Determining how to find the best parameters \(\mathbf{x}\) is a fundamental problem in machine learning. The choice of algorithm depends on the form of the function \(f\) (e.g. linear, quadratic, finite sum structure) and additional constraints on the parameters.

Gradient descent is a greedy algorithm for minimizing a function of multiple variables that often works amazingly well in practice. The algorithm iteratively updates the parameters \(\mathbf{x}\) by moving in the direction of steepest descent. In this way, the algorithm hopefully decreases the function at each iteration.

Before we analyze gradient descent, we’ll review some calculus.

Calculus Review

For \(i \in \{1, \ldots, d\} = [d]\), let \(x_i\) be the \(i\)th entry of \(\mathbf{x}\). We will use \(\mathbf{e}^{(i)}\) to denote the \(i\)th standard basis vector with 0s everywhere except for a 1 in the \(i\)th entry.

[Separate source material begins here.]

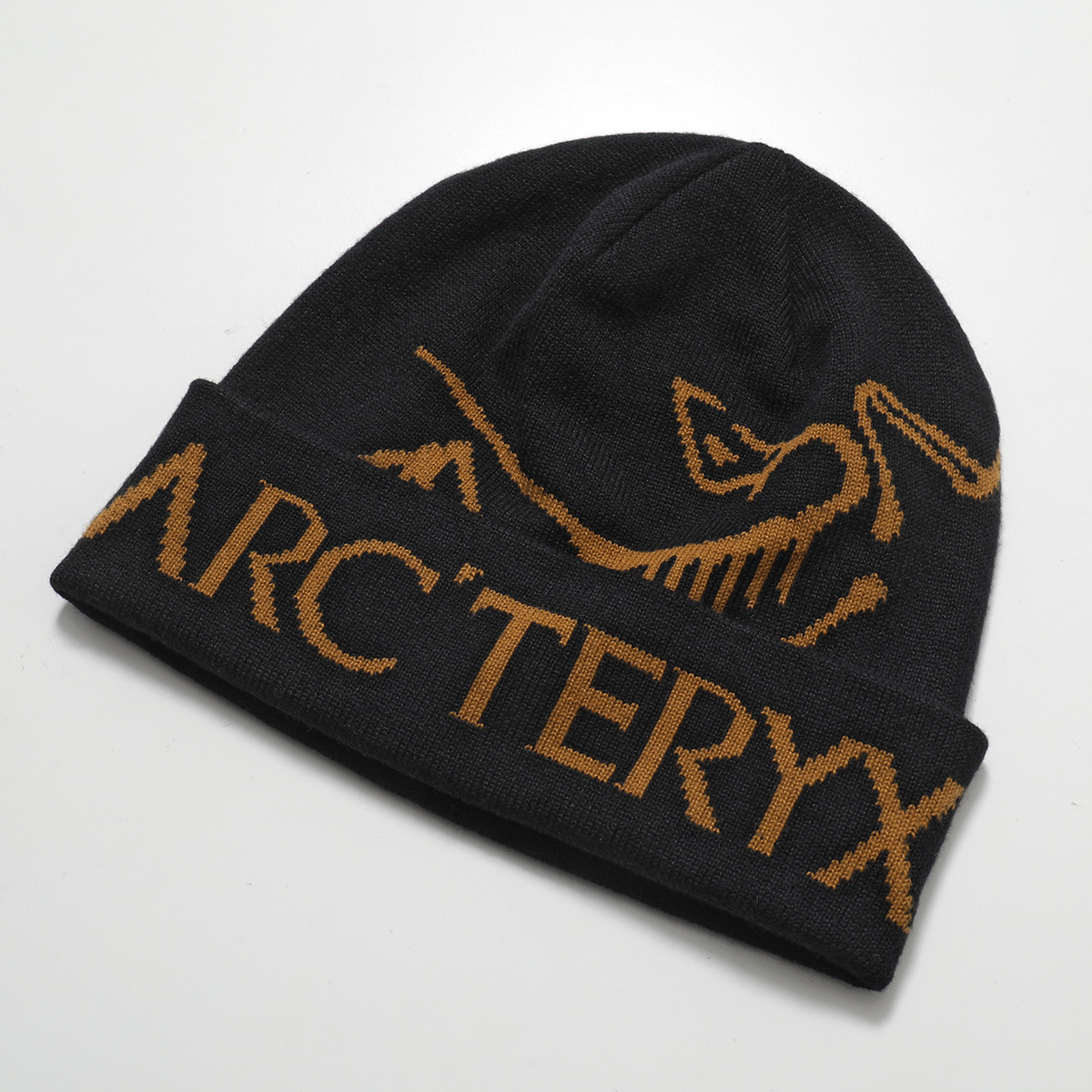 希少 00s Old Arc'teryx ニット帽 メタルロゴ ビーニー Y2K org.jpg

Recall the partial derivative of a function \(f: \mathbb{R}^d \to \mathbb{R}\) with respect to the \(i\)th variable is given by

\[\begin{align*} \frac{\partial f}{\partial x_i} (\mathbf{x}) = \lim_{t \to 0} \frac{f(\mathbf{x} + t \mathbf{e}^{(i)}) - f(\mathbf{x})}{t}. \end{align*}\]

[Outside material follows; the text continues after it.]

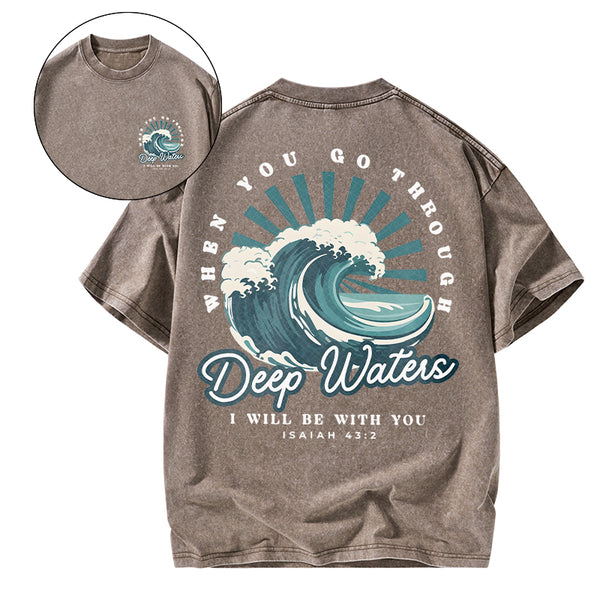 Deep Water Chirstian Washed T-Shirt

The directional derivative of \(f\) in the direction \(\mathbf{v} \in \mathbb{R}^d\) is given by \[\begin{align*} D_{\mathbf{v}} f(\mathbf{x}) = \lim_{t \to 0} \frac{f(\mathbf{x} + t \mathbf{v}) - f(\mathbf{x})}{t}. \end{align*}\]

In this notation, the partial derivative is the directional derivative in the direction of the \(i\)th standard basis vector. That is, \(\frac{\partial f}{\partial x_i}(\mathbf{x}) = D_{\mathbf{e}^{(i)}} f(\mathbf{x})\).

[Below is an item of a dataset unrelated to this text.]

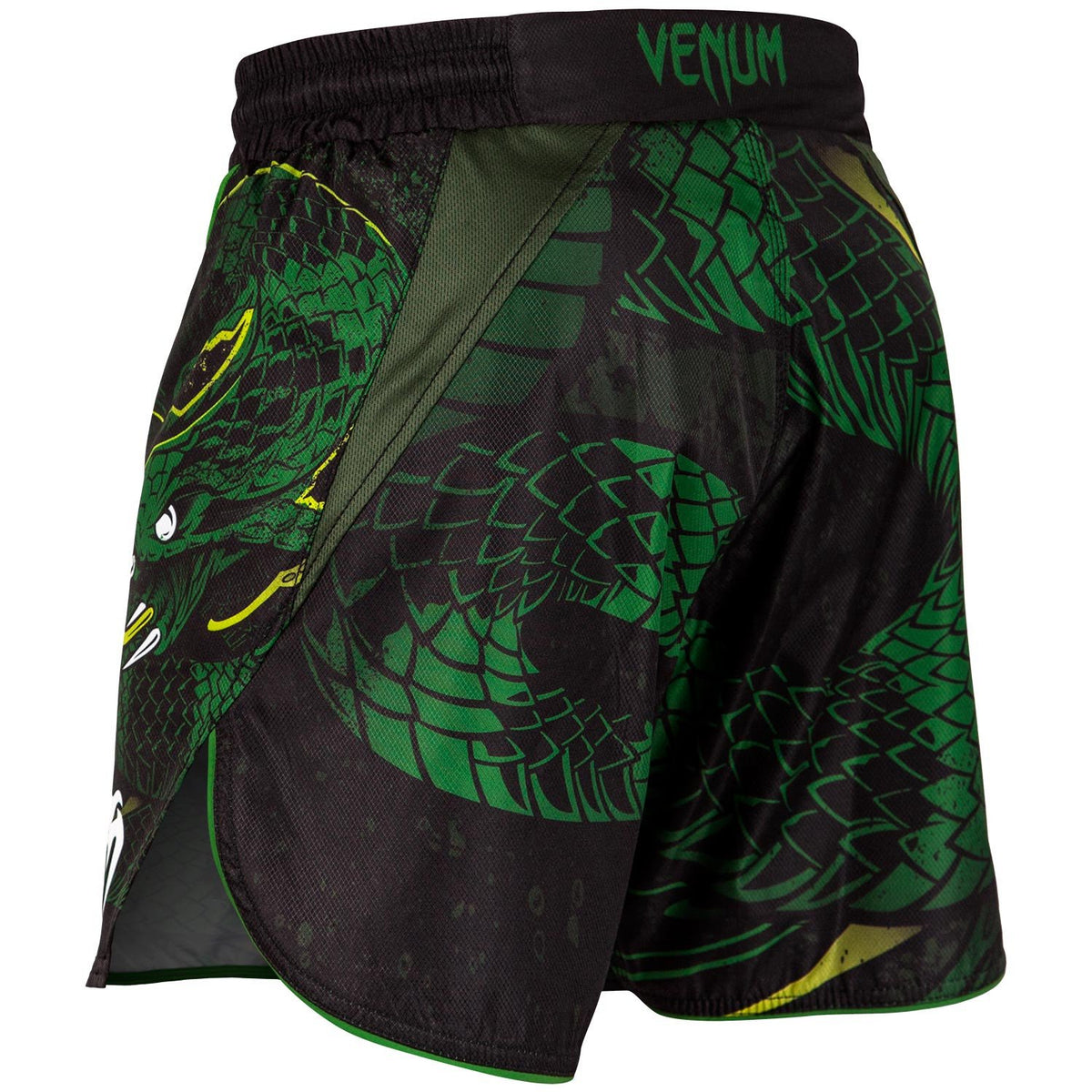 Pantaloncini da combattimento Venum Green Viper - Neri/Verdi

We are interested not just in the partial derivative of the function with respect to one variable but the gradient of the function with respect to all variables.

The gradient of \(f\) is the vector of partial derivatives \[\begin{align*} \nabla f(\mathbf{x}) = \begin{bmatrix} \frac{\partial f}{\partial x_1}(\mathbf{x}) \\ \vdots \\ \frac{\partial f}{\partial x_d}(\mathbf{x}) \end{bmatrix}. \end{align*}\]

With this notation, we can write the directional derivative as \[\begin{align*} D_\mathbf{v} f(\mathbf{x}) = \nabla f(\mathbf{x})^\top \mathbf{v}. \end{align*}\] While not immediately obvious, the proof is straightforward and can be found here.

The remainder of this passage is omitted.